Thought you all may like to see how the Mini-Christmas Moss looks like. The picture is taken from the display tank belonging to the shop known as "System Engineering & Control", the one that specialises in Bioplast products. It isn't a very good pic as my hands weren't quite steady but I think you can see how beautiful the moss is.



A while back, I gave a few strands of the _Fissidens_ Moss that Ben found to the same fish shop. They're good with plants and the _Fissidens_ is now growing very well in their tanks. Here's the pic:



Loh K L

----------


## rthien

Kwek Leong,

Very nice moss indeed at "System Control & Engineering". I wonder how you and the shop snapped out of this "browning moss" phenomenon some 2-3 months ago.

I'm still affected by this myself and I'm sad to report that the beautiful Erect moss you gave me have almost disintegrated entirely! Java moss which used to grow like weed in my tank grows extremely slow. My Narrow Leaf Java Ferns are growing very well in my tank in my tank though.

Also, my chiller have always been maintaining a 24C temperature. CO2 is still abundant and dosing is always the same.

Anyway, I'm so busy preparing for the arrival of my 2nd child that I have little time to make any considerable effort to resolve this problem. Perhaps I'm just not good/lucky with moss  :Crying:  

Cheers,

Roger

----------


## Piscesgirl

Beautiful moss! I wonder if the browning may be algae? low co2? I have some browning of my moss in my 55 gallon and they went through an episode of low/no co2 (tank emptied, and some other reasons), and subsequent algae outbreak. They are trying now to recover. 

I wonder because my tanks are at 77/78 degrees Fahrenheit so I'm not sure that the temp is the issue for the browning?

----------


## timebomb

> Very nice moss indeed at "System Control & Engineering". I wonder how you and the shop snapped out of this "browning moss" phenomenon some 2-3 months ago.
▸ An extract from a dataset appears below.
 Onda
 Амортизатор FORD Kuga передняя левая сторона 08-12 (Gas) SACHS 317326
Roger, one way to overcome the "browning moss" phenomenon is to cut away all the brown parts and re-start again with the green ones. But it's no guarantee the green ones won't turn brown again.
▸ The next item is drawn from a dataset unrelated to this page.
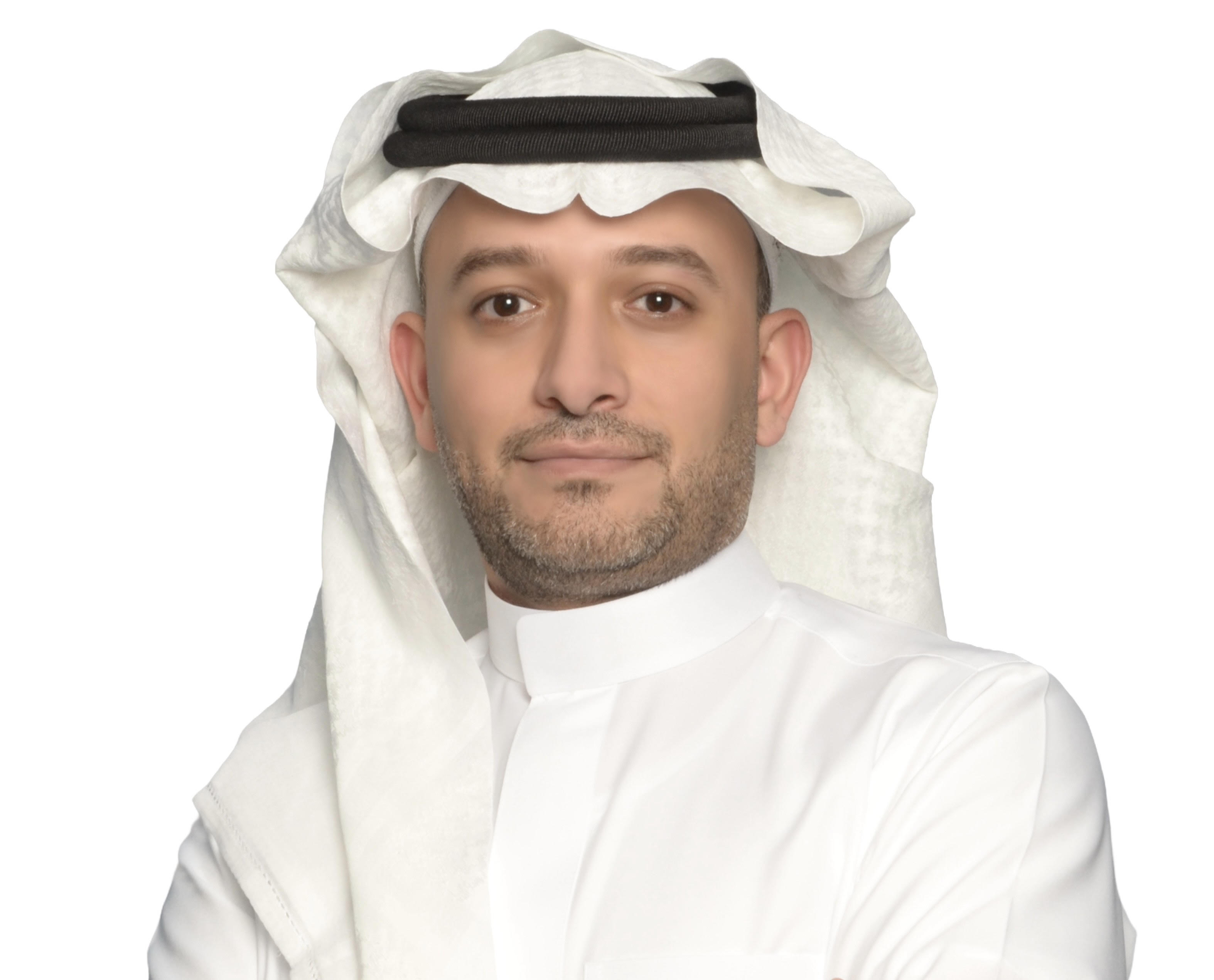 Prof. Alaa Alghamdi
When I was with the professor, I offered the theory that the Erect Moss turns brown because it isn't truly an aquatic moss, probably not even semi-aquatic. The prof had told me many times in the past that quite a few of the mosses we grow in our tanks are not aquatic in nature. He said they can survive underwater for a while but will eventually die because once underwater, their life cycles change. He wasn't sure if the Erect is one such moss but he said my theory could be correct.

Not everyone is reporting their Erect Mosses are turning brown though. But almost everyone who got them from me are seeing this phenomenon. 
I distributed quite a fair bit of Erect Moss around so I can safely say many of the mosses in hobbyists' tanks came from mine. I don't know if the Erect in Sam Yick's is turning brown too. Anyone visited their shop at Eastpoint recently?

Loh K L

----------


## stormhawk

KL, the Erect Moss you gave me quite some time ago is still surviving and multiplying. It went through a browning stage because I left it in a small plastic container unattended for several weeks.  :Opps:  

Luckily for me I had a plastic breeder trap lying around so I placed the browning clump into it and placed the trap directly beneath the spray of my rainbar. Now its a healthy green clump and slowly overgrowing its compartment.  :Laughing:

----------


## Ryan M

The erect moss you gave me shows absolutly no signs of browning and has grown wild. The Singapore moss has grown in the same "stringy" pattern as in the NA tank but it is grown in the chilly 21 degree tank with low K. Dunno if this helps anyone.

----------


## rthien

Kwek Leong et al,

Thank you for all your suggestions. I'll give it a shot! Hopefully I can restore my erect moss to its former glory! If not, I hope I can trade my abundant narrow leaf java ferns for some healthy thriving mosses of any kind.

Cheers,

Roger

----------


## shortman

> I don't know if the Erect in Sam Yick's is turning brown too. Anyone visited their shop at Eastpoint recently?


Just visited the shop yesterday and the erect moss are still doing good.




> Hopefully I can restore my erect moss to its former glory!


Roger, 

Which moss you need, let me know I give you. :-)
Singapore, Java or Erect?

Yes. your java fern is very good so far most of us get it from you are still doing fine.

BTW, you still want Aus Orange/Gold(male/female)?

----------


## imported_subzero

Hi Kwek Leong,

I have not been active here as i was busy with work. I saw the moss in System Engineering & Control and wondering what it was. So glad that i have pass the piece of moss rock to you and now it look absolutely fantastic, i doubt it will do well in my tank.


[/img]

----------